What Data Structures Are Used by the First Pass of Assembler?
The first pass of an assembler is a crucial step in the process of converting assembly language code into machine code. During this pass, the assembler scans through the source code and builds important data structures that are essential for subsequent passes. These data structures help in resolving symbols, managing memory, and generating the final object code.
One of the key data structures used by the first pass of an assembler is the symbol table. The symbol table keeps track of all labels defined in the source code along with their corresponding addresses or values. It serves as a reference for resolving symbols during later passes.
The symbol table can be implemented using various data structures such as arrays, linked lists, or hash tables. Each entry in the symbol table typically consists of a label name and its associated value or address.

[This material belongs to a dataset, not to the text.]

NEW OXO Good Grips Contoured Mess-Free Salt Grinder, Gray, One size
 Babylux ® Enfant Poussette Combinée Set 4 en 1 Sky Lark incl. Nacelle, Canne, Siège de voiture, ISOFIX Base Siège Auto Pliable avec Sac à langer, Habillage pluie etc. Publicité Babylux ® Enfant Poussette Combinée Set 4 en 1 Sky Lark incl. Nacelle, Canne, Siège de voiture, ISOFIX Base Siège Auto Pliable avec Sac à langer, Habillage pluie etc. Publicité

In addition to symbols, assemblers often encounter literals in assembly language programs. These literals are constants that are used within the program but not explicitly defined with labels. The first pass identifies such literals and creates a literals table to keep track of them.
The literals table records information about each literal encountered, including its value and address. This information is crucial for generating appropriate instructions or storing literal values in memory during subsequent passes.
Another essential data structure used by the first pass of an assembler is the location counter. The location counter keeps track of the current memory location being processed by the assembler during its scan through the source code.
The location counter is incremented as instructions and data are encountered, ensuring that each instruction or datum is assigned a unique address within memory. It also helps in calculating relative addresses and offsets for branch instructions.
Error Reporting Structures
During the first pass, assemblers need to detect and report various errors in the source code, such as undefined labels or invalid instructions. To facilitate error reporting, the first pass may utilize additional data structures like error tables or lists.
These error reporting structures store information about each encountered error, including the line number and a description of the error. This allows the assembler to provide informative error messages to help programmers identify and rectify their mistakes.
The first pass of an assembler involves the creation of several important data structures that lay the foundation for subsequent passes. The symbol table, literals table, location counter, and error reporting structures are key components used during this phase. Understanding these data structures helps in comprehending the inner workings of an assembler and enables efficient translation from assembly language code to machine code.